§ EXERCISE DESCRIPTION:
Every line of the material needs an exact copy, apart from the images.

§ INFORMATION PROVIDED:
=== Begin Enclosure ===

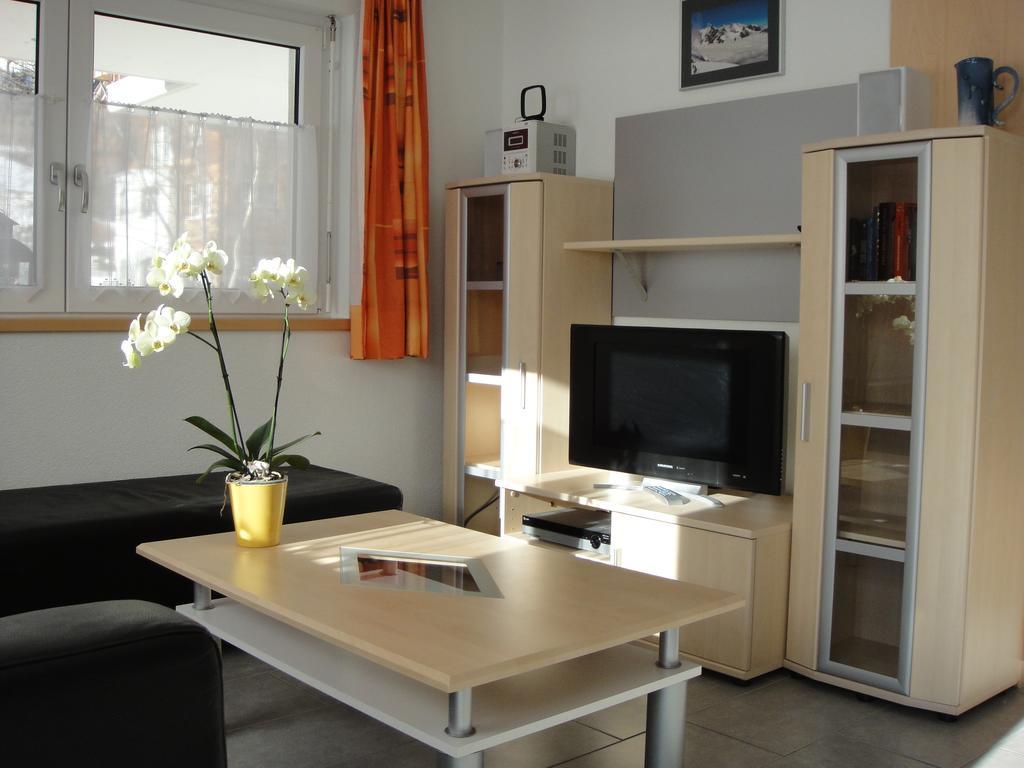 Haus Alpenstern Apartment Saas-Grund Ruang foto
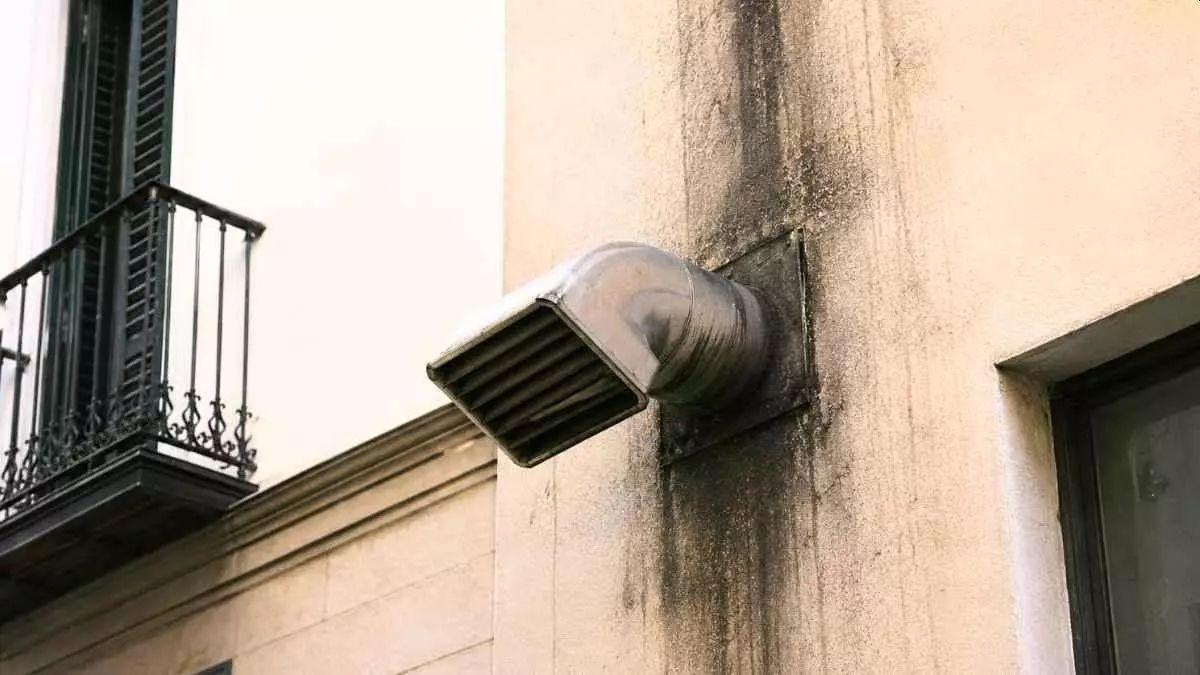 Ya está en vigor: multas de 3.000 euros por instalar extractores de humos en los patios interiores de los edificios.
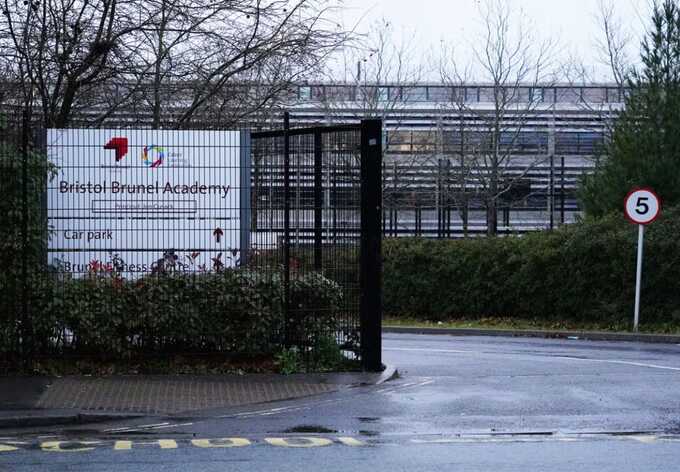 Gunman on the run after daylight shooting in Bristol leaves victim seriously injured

=== End Enclosure ===

§ WRITTEN SOLUTION:
 Haus Alpenstern Apartment Saas-Grund Ruang foto
 Ya está en vigor: multas de 3.000 euros por instalar extractores de humos en los patios interiores de los edificios.
 Gunman on the run after daylight shooting in Bristol leaves victim seriously injured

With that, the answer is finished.